Re: Synchronization issue while storing a file and accessing it
using hadoop API
Posted by Vincent Barat <vi...@ubikod.com>.
Forget about this... I'm ashamed to say that it was an Hadoop
configuration issue :-)
Vincent Barat a écrit :
> Hello to all of you,
>
> I have some PIG code I run from Java that store a file on Hadoop:
>
> Analytics.pigServer.store("session_count_and_length",
> "session_count_and_length");
>
> An then just after I try to read from this file using the Hadoop API:
>
> FSDataInputStream is;
> Path filePath = new Path("session_count_and_length");
> Path partPath = new Path(path + "/part-00000");
> is = Analytics.hadoopFs.open(partPath);
>
> I RANDOMLY got the following exception:
>
> java.io.FileNotFoundException: File
> app1_stats/session_count_and_length/part-00000 does not exist.
> at
> org.apache.hadoop.fs.RawLocalFileSystem.getFileStatus(RawLocalFileSystem.java:361)
>
> at
> org.apache.hadoop.fs.FilterFileSystem.getFileStatus(FilterFileSystem.java:245)
>
> at
> org.apache.hadoop.fs.ChecksumFileSystem$ChecksumFSInputChecker.<init>(ChecksumFileSystem.java:125)
>
> at
> org.apache.hadoop.fs.ChecksumFileSystem.open(ChecksumFileSystem.java:283)

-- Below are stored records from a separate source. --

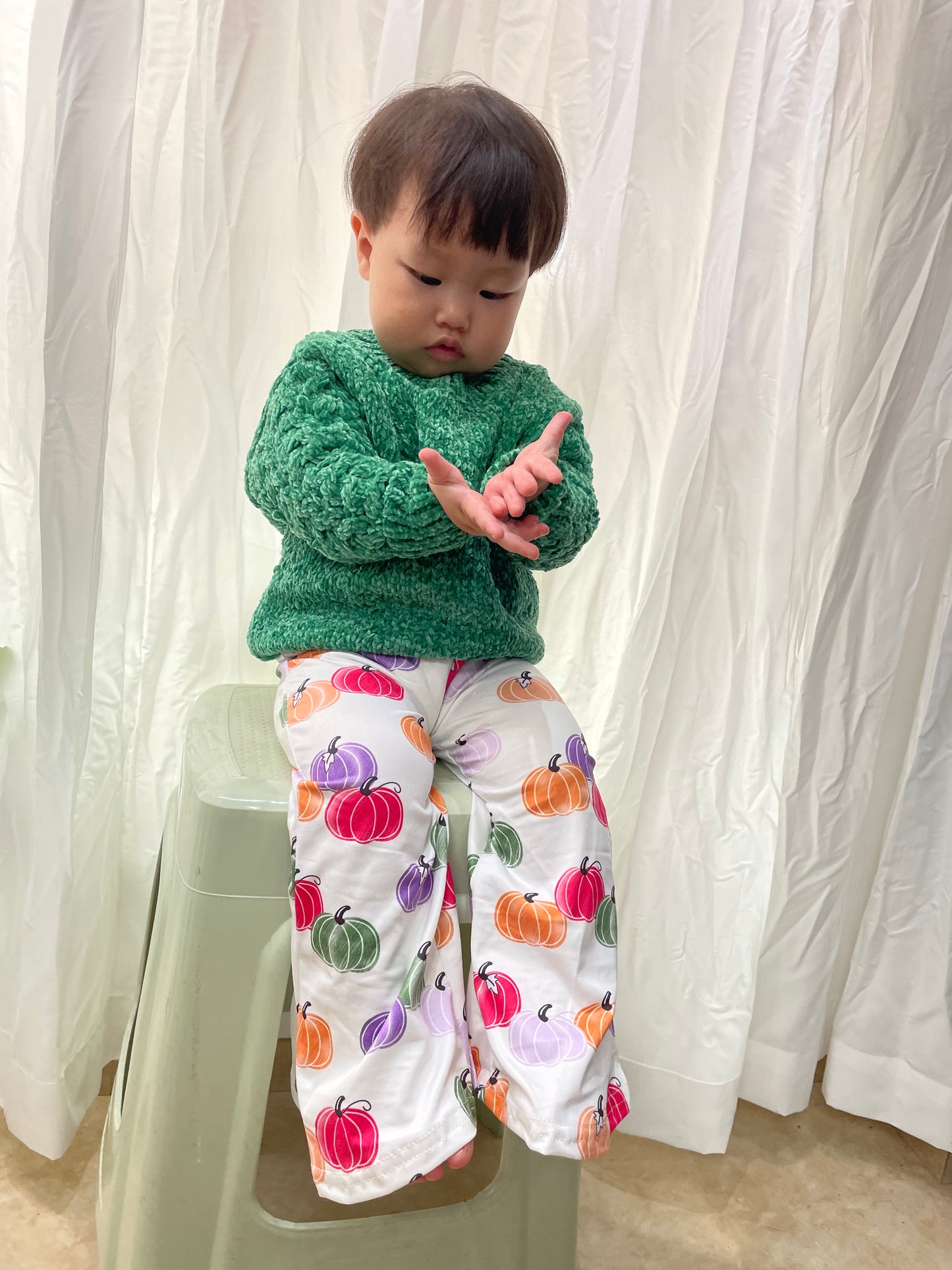 green long sleeve sweater pumpkin bell bottoms fall outfit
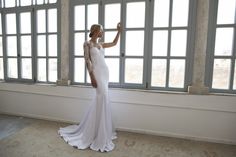 a woman standing in front of a window wearing a white wedding dress with sheer sleeves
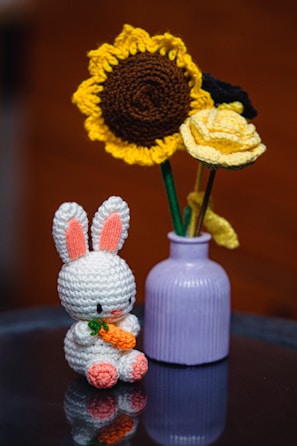 A crochet bunny and flowers brighten the scene.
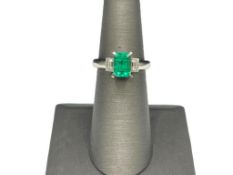 LADIES' PLATINUM, DIAMOND, AND EMERALD RING FEATURING A 1.435CT RECTANGULAR STEP CUT EMERALD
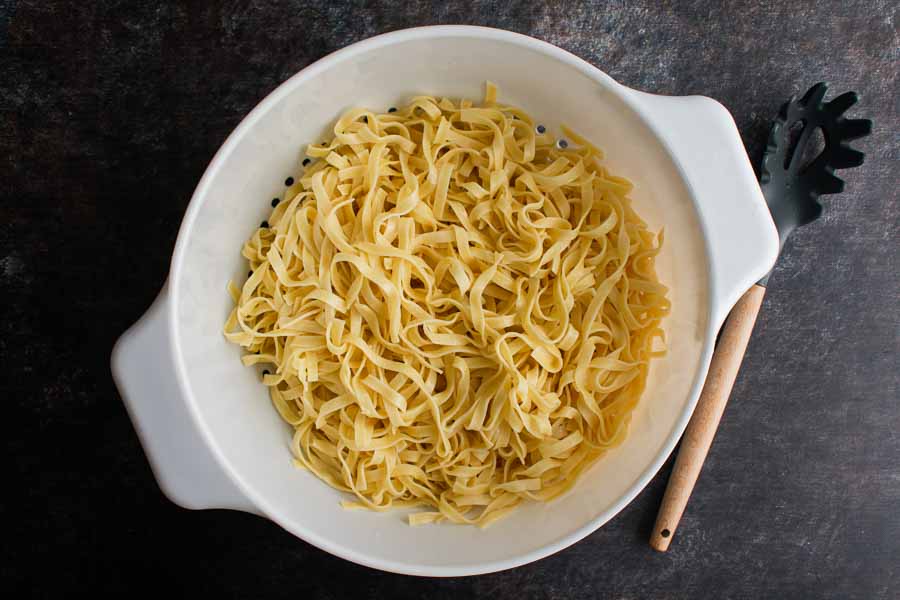 Cooked and drained tagliatelle pasta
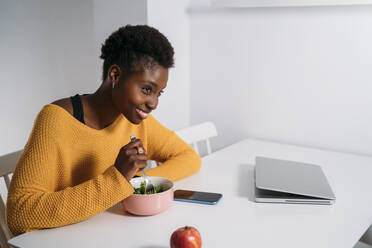 Happy young woman having healthy breakfast at table while looking away - MPPF01671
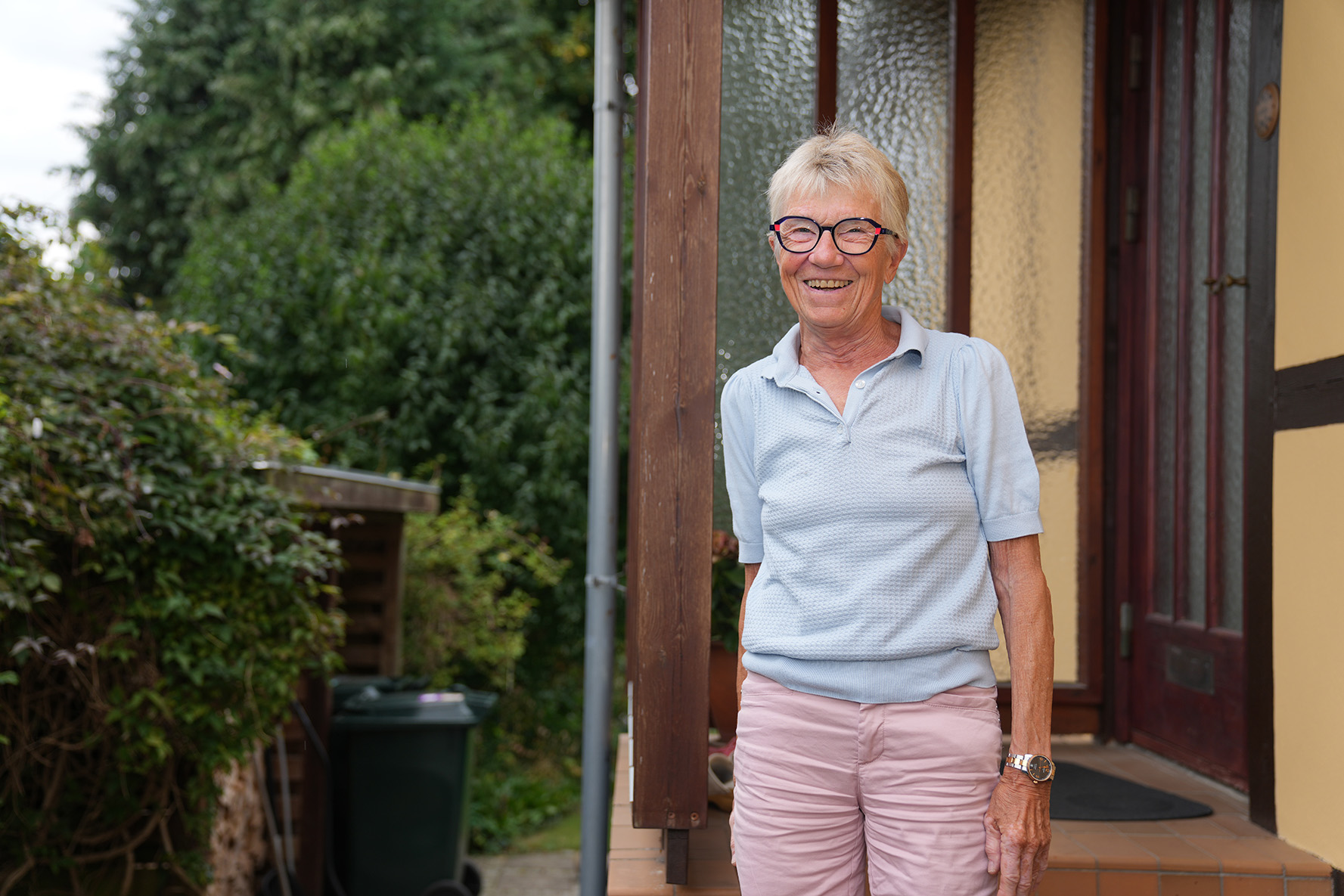 En smilende Anne Marie Kofod på trappen ved sit hus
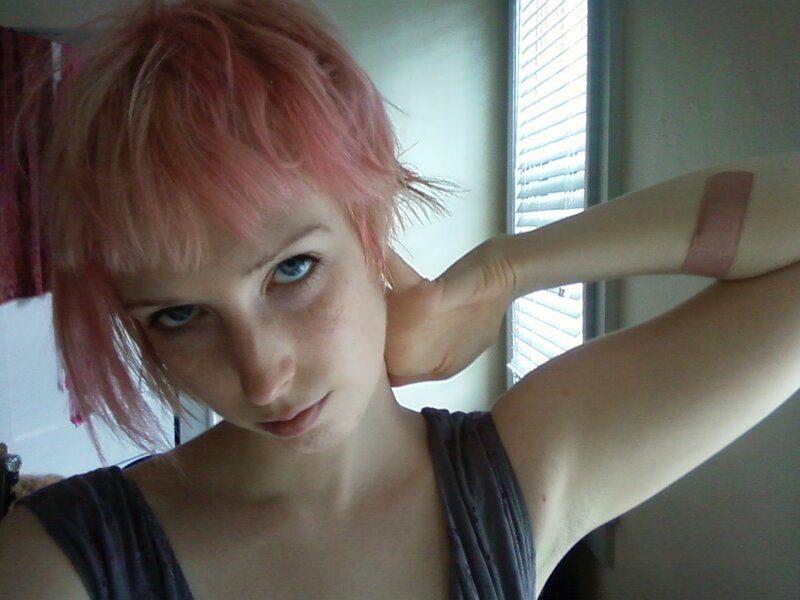 person with pink hair and bandage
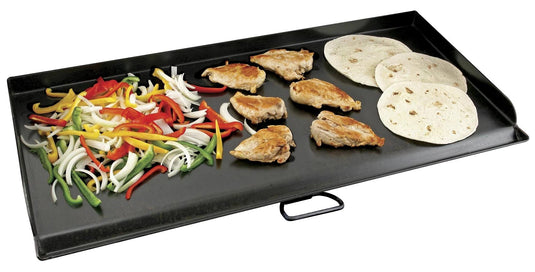 A plate of food on a white background, freshly cooked on the Camp Chef Griddles 16 for that perfect sear and flavor.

> at org.apache.hadoop.fs.FileSystem.open(FileSystem.java:351)
>
> And when I check my Haddop FS, the file actually exist.
>
> It seems that there is a race condition there between PIG creating this
> file, returning and Hadoop considering this file as existing.
>
> Any suggestion ?
>
> Thanks a lot.